Internal ID Description
RUN-11005 Incorrect error messages when trying to run runai CLI commands in an OpenShift environment.
RUN-11009 Incorrect error message when a user without permissions to tries to delete another user.

Fixed issues

Internal ID Description
RUN-9039 Fixed an issue where in the new job screen, after toggling off the preemptible flag, and a job is submitted, the job still shows as preemptible.
RUN-9323 Fixed an issue with a non-scaleable error message when scheduling hundreds of nodes is not successful.
RUN-9324 Fixed an issue where the scheduler did not take into consideration the amount of storage so there is no explanation that pvc is not ready.
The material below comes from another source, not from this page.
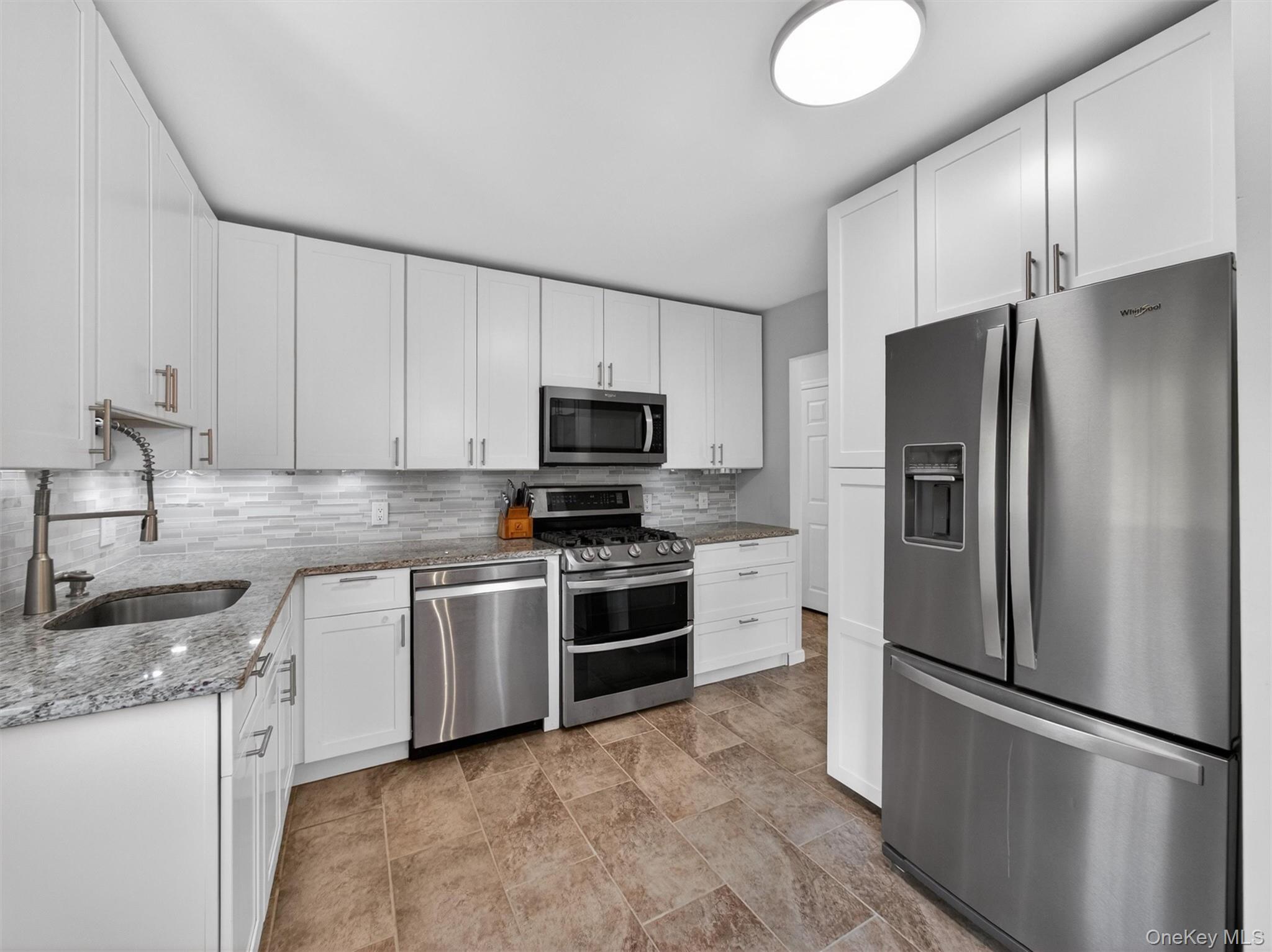 33 Van Wyck Road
RUN-9902 Fixed an issue in OpenShift environments, where there are no metrics in the dashboard because Prometheus doesn’t have permissions to monitor the runai namespace after an installation or upgrade to 2.9.
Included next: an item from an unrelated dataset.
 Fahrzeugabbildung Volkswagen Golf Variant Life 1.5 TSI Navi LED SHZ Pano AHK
RUN-9920 Fixed an issue where the canEdit key in a policy is not validated properly for itemized fields when configuring an interactive policy.
RUN-10052 Fixed an issue when loading a new job from a template gives an error until there are changes made on the form.
RUN-10053 Fixed an issue where the Node pool column is unsearchable in the job list.
RUN-10422 Fixed an issue where node details show running workloads that were actually finished (successfully/failed/etc.).
RUN-10500 Fixed an issue where jobs are shown as running even though they don't exist in the cluster.
RUN-10813 Fixed an issue in adding a data source where the path is case sensitive and didn't allow uppercase.